La couverture défaite, qui pendait à terre, laissait nos pieds à nu;
elle se releva sur les genoux et la repoussa sous le matelas, je vis
son dos blanc se courber comme un roseau; les insomnies de la nuit
m’avaient brisé, mon front était lourd, les yeux me brûlaient les
paupières, elle me les baisa doucement du bout des lèvres, ce qui me
les rafraîchit comme si on me les eût humectés avec de l’eau froide.
Elle aussi, se réveillait de plus en plus de la torpeur où elle s’était
laissée aller un instant; irritée par la fatigue, enflammée par le goût
des caresses précédentes, elle m’étreignit avec une volupté désespérée,
en me disant: «Aimons-nous, puisque personne ne nous a aimés, tu es à
moi!»
Elle haletait, la bouche ouverte, et m’embrassait furieusement, puis
tout à coup, se reprenant et passant sa main sur ses bandeaux dérangés,
elle ajouta:
--Écoute, comme notre vie serait belle si c’était ainsi, si nous
allions demeurer dans un pays où le soleil fait pousser des fleurs
jaunes et mûrit les oranges, sur un rivage comme il y en a, à ce qu’il
paraît, où le sable est tout blanc, où les hommes portent des turbans,
où les femmes ont des robes de gaze; nous demeurerions couchés sous
quelque grand arbre à larges feuilles, nous écouterions le bruit des
golfes, nous marcherions ensemble au bord des flots pour ramasser des
coquilles, je ferais des paniers avec des roseaux, tu irais les vendre;
c’est moi qui t’habillerais, je friserais tes cheveux dans mes doigts,
je te mettrais un collier autour du cou, oh! comme je t’aimerais! comme
je t’aime! laisse-moi donc m’assouvir de toi!

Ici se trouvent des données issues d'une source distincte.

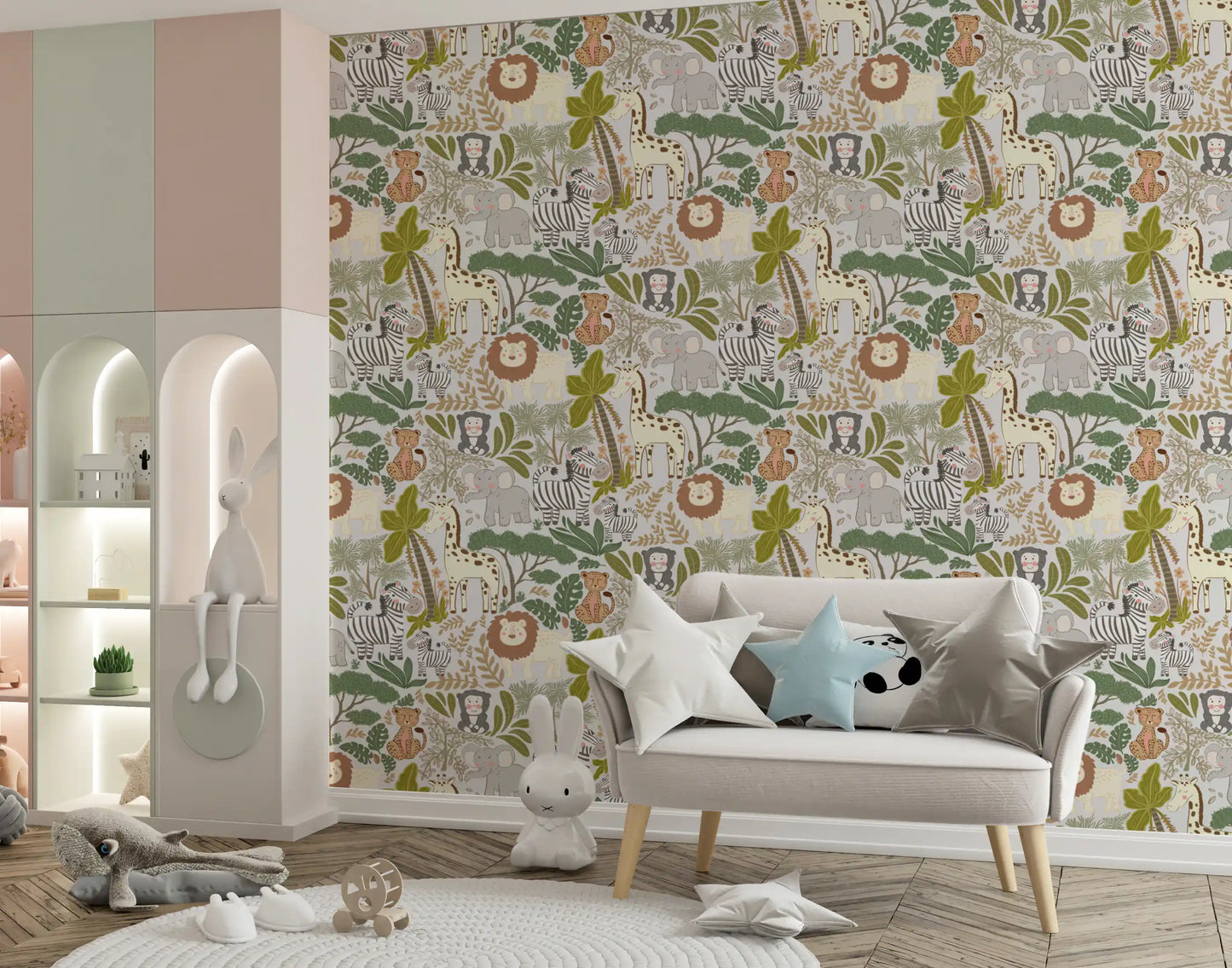 Pattern wallpaper with Whimsical Safari Pals and gentle earthy colours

Me collant à sa couche, d’un mouvement impétueux, elle s’abattit
sur tout mon corps et s’y étendit avec une joie obscène, pâle,
frissonnante, les dents serrées et me serrant sur elle avec une force
enragée; je me sentis entraîné comme dans un ouragan d’amour, des
sanglots éclataient, et puis des cris aigus; ma lèvre, humide de sa
salive, pétillait et me démangeait; nos muscles, tordus dans les mêmes
nœuds, se serraient et entraient les uns dans les autres, la volupté se
tournait en délire, la jouissance en supplices.

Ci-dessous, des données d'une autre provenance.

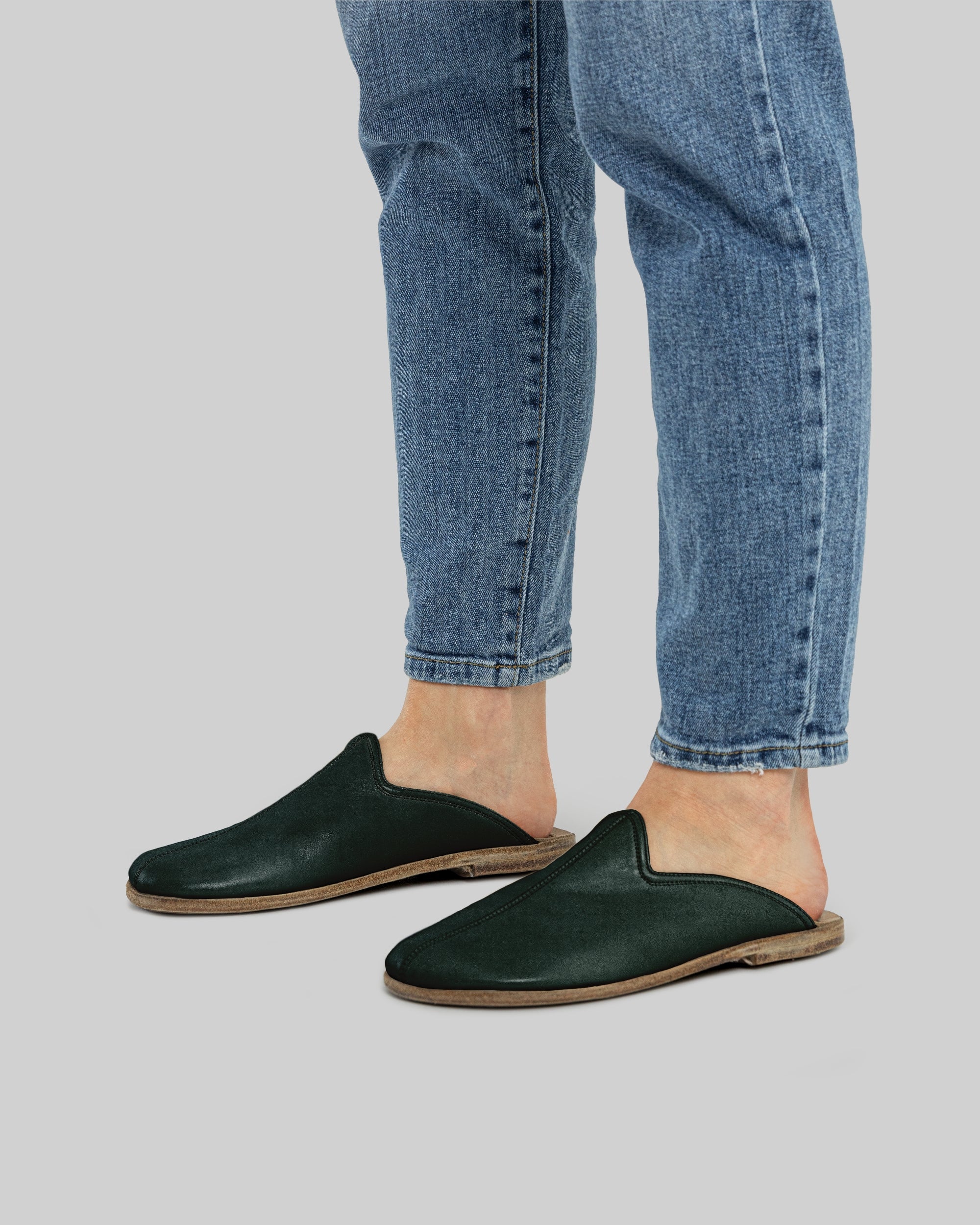 Top view Dark Green Slippers - Handcrafted Calf Leather | Bespoky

Ouvrant tout à coup les yeux ébahis et épouvantés, elle dit:
--Si j’allais avoir un enfant!
Et passant, au contraire, à une câlinerie suppliante:
--Oui, oui, un enfant! un enfant de toi!... Tu me quittes? nous ne nous
reverrons plus, jamais tu ne reviendras, penseras-tu à moi quelquefois?
j’aurai toujours tes cheveux là, adieu!... Attends, il fait à peine
jour.
Pourquoi donc avais-je hâte de la fuir? est-ce que déjà je l’aimais?

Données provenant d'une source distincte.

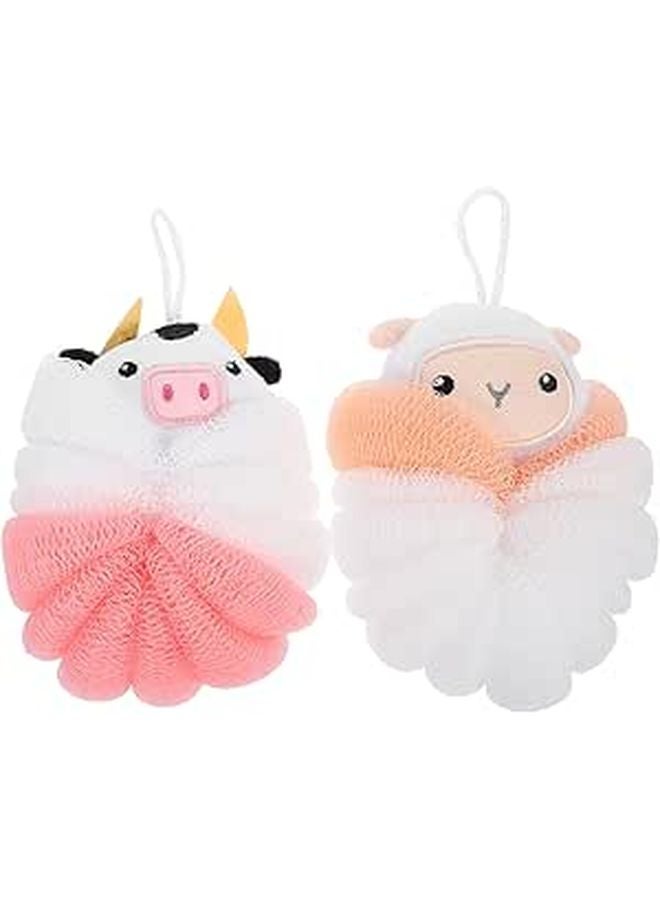 Animal Shaped Bath Loofah Scrubbers 2Pcs Exfoliating Shower Sponges For Sensitive Skin - Image 1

Marie ne me parla plus, quoique je restasse bien encore une demi-heure
chez elle; elle songeait peut-être à l’amant absent. Il y a un instant,
dans le départ, où, par anticipation de tristesse, la personne aimée
n’est déjà plus avec vous.
Nous ne nous fîmes pas d’adieux, je lui pris la main, elle y répondit,
mais la force pour la serrer était restée dans son cœur.
Je ne l’ai plus revue.

J’ai pensé à elle depuis, pas un jour ne s’est écoulé sans perdre à y
rêver le plus d’heures possible, quelquefois je m’enferme exprès et
seul, je tâche de revivre dans ce souvenir; souvent je m’efforce à y
penser avant de m’endormir, pour la rêver la nuit, mais ce bonheur-là
ne m’est pas arrivé.
Je l’ai cherchée partout, dans les promenades, au théâtre, au coin
des rues, sans savoir pourquoi j’ai cru qu’elle m’écrirait; quand
j’entendais une voiture s’arrêter à ma porte, je m’imaginais qu’elle
allait en descendre. Avec quelle angoisse j’ai suivi certaines femmes!
avec quel battement de cœur je détournais la tête pour voir si c’était
elle!
La maison a été démolie, personne n’a pu me dire ce qu’elle était
devenue.
Le désir d’une femme que l’on a obtenue est quelque chose d’atroce et
de mille fois pire que l’autre, de terribles images vous poursuivent
comme des remords. Je ne suis pas jaloux des hommes qui l’ont eue avant
moi, mais je suis jaloux de ceux qui l’ont eue depuis; une convention
tacite faisait, il me semble, que nous devions nous être fidèles, j’ai
été plus d’un an à lui garder cette parole, et puis le hasard, l’ennui,
la lassitude du même sentiment peut-être, ont fait que j’y ai manqué.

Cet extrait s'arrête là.